For bit field instructions 0 (zero) bit field width means 32 bit actually. This doesn't sound that bad, however sometimes the bit field width is coming from an emulated data register instead of a statically encoded constant. In this case the decision must be done in the emulated code instead of in compiling time.

Not in every case, but quite often it is possible to calculate the result instead of making a comparison and branching.

For the bit field instructions the solution was (written in C code, just because it is easier to understand):

temp = width - 1;
width = width | (temp & 32);

(There is one condition, though: the width must be between 0 (zero) and 31 before this operation starts.)
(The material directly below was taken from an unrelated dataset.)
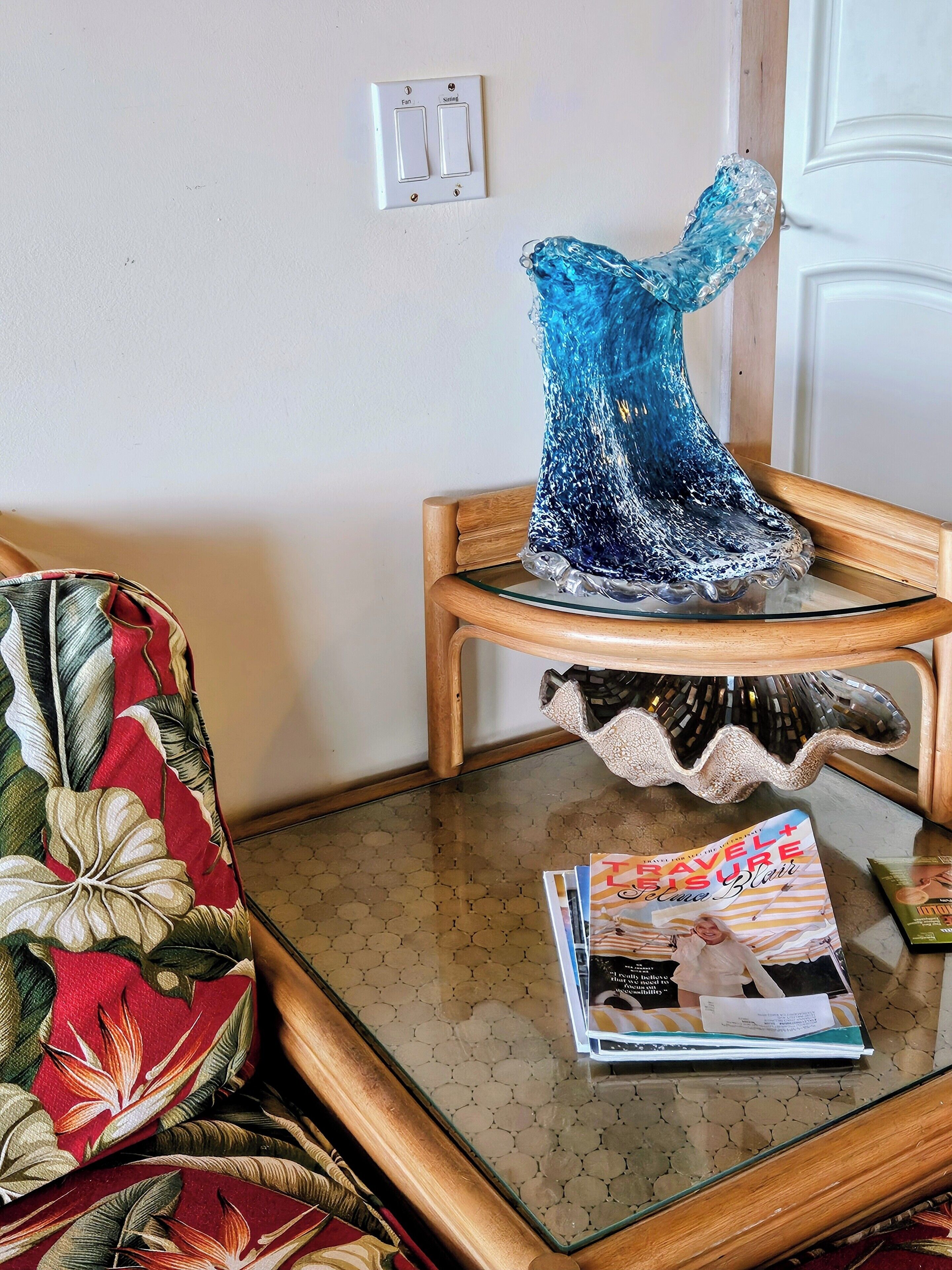 A living room with a glass coffee table, a blue decorative vase, a floral armchair, and a magazine on the table.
Now, think about it a little bit and figure out on your own why does it work. I am not going to explain it. :)

See you soon.

Wednesday, October 2, 2013

Back on track

Finally, I am back on track with the development after the house move. There were two updates since the last post; one was a follow-up to the previous code refactoring; the other was a massive list of improvements:
  • Implementation of NEGX.x mem, NEGX.x Dy, SUBX.x -(Ay),-(Az), ADDX.x -(Ay),-(Az),  MOVE CCR,mem, MOVE CCR,Dx, EOR #imm,CCR, OR #imm,CCR, AND #imm,CCR, RTR, MOVE mem,CCR, MOVE Dx,CCR, MOVE #imm,CCR, ASR.x Dy,Dz, RTD, MULU.W mem,Dx, MULU.W #imm,Dx, MULS.W mem,Dx, MULS.W #imm,Dx, SUBX.x Dy,Dz, ADDX.x Dy,Dz, MOVEM.x regs,mem, MOVEM.x mem,regs, MOVEM.x (Ay)+,regs, CMPM.x (Ax)+,(Ay)+ instructions.
  • Added dependency tracking for non-volatile PowerPC registers.
  • Fixed X flag handling in register-based shifting instructions, previously the X flag was cleared together with the C flag if the shift steps were zero.
  • Removed RTM from the list of the potentially supported opcodes.
  • Added RTR back to the list of the potentially supported opcodes.
  • Optimized temporary register usage in MULU.W Dx,Dy and MULS.W Dx,Dy instructions.
  • Introduced tracking of the extension words after the instructions, it is needed for adjusting the PC before certain addressing modes are processed.
  • Fixed register dependency and order of register storage for MOVEM.x regs,-(Ay) when direct memory access is enabled.
  • Implemented stack-like concept for register saving into the context.
  • Code cleanup: removed unused reference, fixed some warnings regarding misformatted and unused code lines.
So, things are getting together slowly. The number of the implemented instructions went up to 321 out of the planned 387! That is roughly 82%... Getting closer and closer... :)

Recently I faced an interesting problem, I am not quite sure how can I solve: division by zero. My beloved math teacher already told me: who is trying to divide by zero is an idiot. (Well, that is not quite right, as we know it.) Yet, some programs might try it.
Why is that a problem? Because it triggers an exception inside a compiled block. It also needs branching (skip the exception triggering if the divisor is not null, for a change) which contradicts the macroblock register flow tracking. Well, here is the challenge, but I am pretty sure I will solve it somehow.

'Til then the usual: watch this space.